Márta Pardavi, stellvertretende Vorsitzende der Menschenrechtsorganisation „Hungarian Helsinki Committee“, sagt ebenfalls, dass die ungarischen Medien „in seinem sehr schlechten Zustand“ seien. „Die meisten Ungarn haben durch die Berichterstattung den Eindruck, dass die aktuellen Proteste gewaltsam seien und von Soros-finanzierten Migrations-Befürwortern angeführt würden.“ Die Wahrheit werde verzerrt, teils werde auch einfach gelogen. 

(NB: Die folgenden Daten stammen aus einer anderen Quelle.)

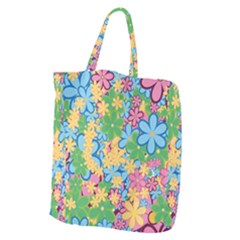 Flower Spring Background Blossom Bloom Nature Giant Grocery Tote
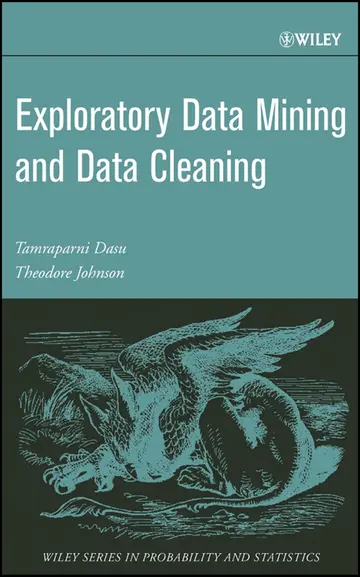 Cover of Exploratory Data Mining and Data Cleaning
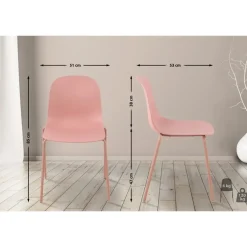 CLP Set van 2 Tuinstoel Hardin Kunststof - roze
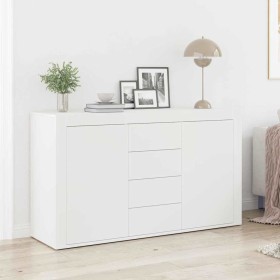 Vitrina con cajón 120 x 36 x 69 cm Madera contrachapada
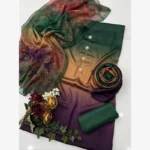 Digital Tie Die Printed Silk  3pc - Image 2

Migration ist tatsächlich kein Thema bei den Protesten, die eine neue Dynamik gewonnen haben. Auch am vergangenen Wochenende gingen in Budapest etwa 10.000 Menschen auf die Straße, darunter Vertreter von rechten und linken Oppositionsparteien, von Gewerkschaften und verschiedensten Organisationen . Eine heterogene Gruppe also, die gemeinsam gegen das „Sklavengesetz“, aber auch für freie Medien, freie Wissenschaft, unabhängige Rechtsprechung und gegen Korruption demonstrierte. „Bei den Protesten geht es um fundamentale Forderungen für eine funktionierende Demokratie“, sagt Márta Pardavi.

ungarn

Noch immer wird überall in Ungarn gegen das „Sklavengesetz“ demonstriert – wie hier am vergangenen Freitag in Pecs, einer Stadt 200 Kilometer südlich von Budapest.

Foto: AP / Tamas Soki

„Es gibt eine wachsende Front gegen Orbán“, glaubt auch Adrien. Er wünscht sich, dass  auch die EU strikter gegen den ungarischen Ministerpräsidenten vorgeht. „Bisher haben  andere Regierungschefs in der EU nur gezeigt, dass sie bereit sind, viel zu dulden. Hier muss eine Uni schließen und der Politik ist das anscheinend egal!“

Dass Adrien europäisch denkt, verwundert nicht: Zwar zog er mit acht Jahren nach Kanada, aber neben der kanadischen hat er auch die belgische Staatsangehörigkeit. Geboren wurde er in Brüssel und seit zehn Jahren ist er zurück in Europa. Seitdem hat er unter anderem in Tschechien, Polen, England, Deutschland und Ungarn gelebt. Wenn die Klage nicht doch noch fallen gelassen wird, wird Adrien bald in einem EU-Staat vor Gericht stehen.